Here is the coverage I managed to get in the Independent, and what elicited my ‘good girl’ postcard from my mentor and friend David Butterfield.

Despite it being a ridiculous idea I did get an astonishing amount of press coverage; I had 15 articles in the local press, coverage in the nationals and a good slot on local TV wearing a dress made out of the colour separation sheets from a laser copier. The TV appearance was great fun, naturally there were a few incidents too.  One of the models managed to give herself a massive black eye the day before the TV show and had to use stage make-up to cover it up and one of the male models refused to appear, however, I definitely understood why.  One of the fashion pieces was a denim bikini for a man, which he had been happy to model for our photos shoot (I WILL find that picture), but he had not been informed by the model agency that the TV wanted to shoot that particular piece. He therefore had told all his friends and family to watch, so when asked to model the “boy bikini” he refused.  The TV tried hard to persuade him as they were desperate to use the tag line “and now here’s a number for Richard Whitely on his holidays” .  Yes, it would have been great, but a ‘no show’ on that one I’m afraid.  It would have become a classic I’m sure.

Here are a few press cuttings from The Sheffield Telegraph.

Fashion by Russian artist for Cupola's fashion show.

Front Page of The Sheffield Telegraph.

Coverage in the local Sheffield Telegraph

Coverage in The Sheffield Telegraph

I do have images of some of the fashion items somewhere and I will post them when I find them.  We had the denim wear and also rubber wear(!) as well as other pieces.  I now know that you have to use talcum powder to get rubber wear on … You really do learn something new everyday!

We had a national competition winner’s dress, we had boys in bikinis, we were ahead of the times (Mankini?)  Bah! Girls stuff Heh! Heh!

The lovely, talented, and amazing Elton from ‘Hair by Christmas’ as it was called back then (now Betty Tigers) did all the hair styles for the models for free too.  The way people helped out and pitched in was just fantastic, it simply would not have been possible otherwise.

So, how did we actually manage to fit in a catwalk into the rather small space? Well … We built the catwalk around from one room to the other and out into the back yard where we erected a marquee!  ‘Marquee Mark’ did a marvellous job attaching part of the marquee directly to the wall of the building and securing another corner to the staircase that led to next door’s upstairs flat.  It did restrict their entrance, but I bought them a bottle of champagne to say ‘thank you and sorry’ for the inconvenience.

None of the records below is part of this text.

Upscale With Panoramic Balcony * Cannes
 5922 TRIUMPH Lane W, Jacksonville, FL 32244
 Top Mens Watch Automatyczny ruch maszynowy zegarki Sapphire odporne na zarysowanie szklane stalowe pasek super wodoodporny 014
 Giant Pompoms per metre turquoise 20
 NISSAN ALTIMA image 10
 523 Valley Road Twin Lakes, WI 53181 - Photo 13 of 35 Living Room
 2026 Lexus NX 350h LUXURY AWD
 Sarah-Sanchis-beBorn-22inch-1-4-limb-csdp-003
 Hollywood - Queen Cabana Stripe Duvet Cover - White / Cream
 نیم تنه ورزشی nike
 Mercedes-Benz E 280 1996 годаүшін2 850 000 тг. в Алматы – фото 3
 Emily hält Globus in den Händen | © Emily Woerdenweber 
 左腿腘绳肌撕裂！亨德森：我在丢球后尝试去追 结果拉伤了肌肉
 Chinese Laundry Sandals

The event was two shows in one day, and believe me, that was enough.  I can only tell you how much work it all was and then suddenly it was over, but we did manage to pull it off, amazingly.  Everyone seem pleased with the event except one artist who had come up from London.  She was clearly expecting something else when she arrived, something far grander I presume.  I say that as she declined to allow her work to be used in the show.  It was a shame as it was lovely work and we had allocated a model to wear it, but it wasn’t to be.  I offered to pay her travel expenses but she declined and simply drove all the way back to London again.  Such is life.

Anyway, the strategy clearly worked in terms of profile raising as we got huge amounts of press coverage across newspapers, magazines, radio and TV.  The feature on local TV even managed to impress my in-laws; no mean feat I warrant you!  I suddenly became ‘Our Karen’.

Mission accomplished; my new status as ‘press friendly’ was to become invaluable as the Supertram works were looming, little did I know how valuable.

This fashion show, however unrealistic, time and cost inefficient, was the most amazing experience on so many levels.  I met wonderful, creative, generous people, learnt a huge amount and delivered something no-one really thought possible.  I am not sure I would ever do it again, but it made me ambitious, adventurous and maybe even more daring than I was previously.  With that under my belt I was ready to tackle anything!  Or so I thought …

Little did I realise that my biggest challenge was just about to start.